▸ **Action item**
Set down exactly the lines below between the line holding "Pea harvest. Large-scale" and the line holding "Expansion of eastern", inclusive; no other line belongs in the answer.

▸ **Recorded information**
:::
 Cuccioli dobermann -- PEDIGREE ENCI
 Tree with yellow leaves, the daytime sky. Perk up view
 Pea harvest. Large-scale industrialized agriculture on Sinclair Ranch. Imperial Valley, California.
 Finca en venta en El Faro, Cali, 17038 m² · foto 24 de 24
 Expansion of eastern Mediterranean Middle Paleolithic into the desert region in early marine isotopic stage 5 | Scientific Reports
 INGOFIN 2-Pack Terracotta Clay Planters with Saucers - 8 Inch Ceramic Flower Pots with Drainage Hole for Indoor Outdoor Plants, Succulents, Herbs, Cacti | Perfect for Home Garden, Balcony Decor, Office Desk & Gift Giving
:::
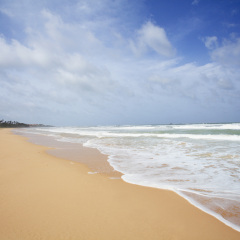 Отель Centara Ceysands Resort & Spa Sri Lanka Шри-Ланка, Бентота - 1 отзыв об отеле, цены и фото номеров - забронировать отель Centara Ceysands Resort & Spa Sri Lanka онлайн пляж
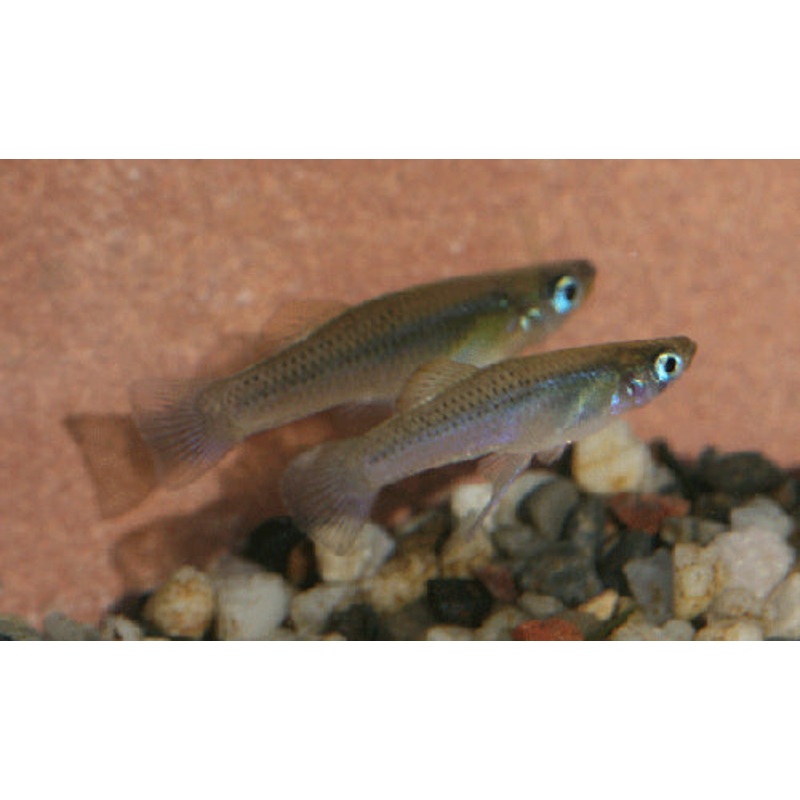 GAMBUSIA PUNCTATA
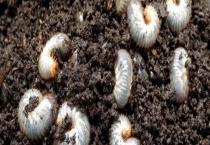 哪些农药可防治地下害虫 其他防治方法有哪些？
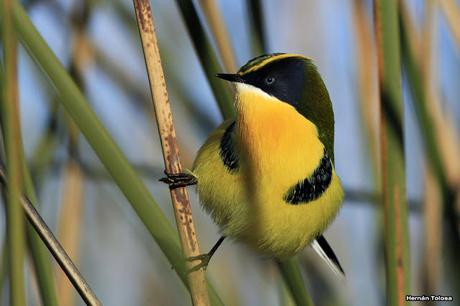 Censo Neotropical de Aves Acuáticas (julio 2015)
:::
▸ **Solution for this problem**
 Pea harvest. Large-scale industrialized agriculture on Sinclair Ranch. Imperial Valley, California.
 Finca en venta en El Faro, Cali, 17038 m² · foto 24 de 24
 Expansion of eastern Mediterranean Middle Paleolithic into the desert region in early marine isotopic stage 5 | Scientific Reports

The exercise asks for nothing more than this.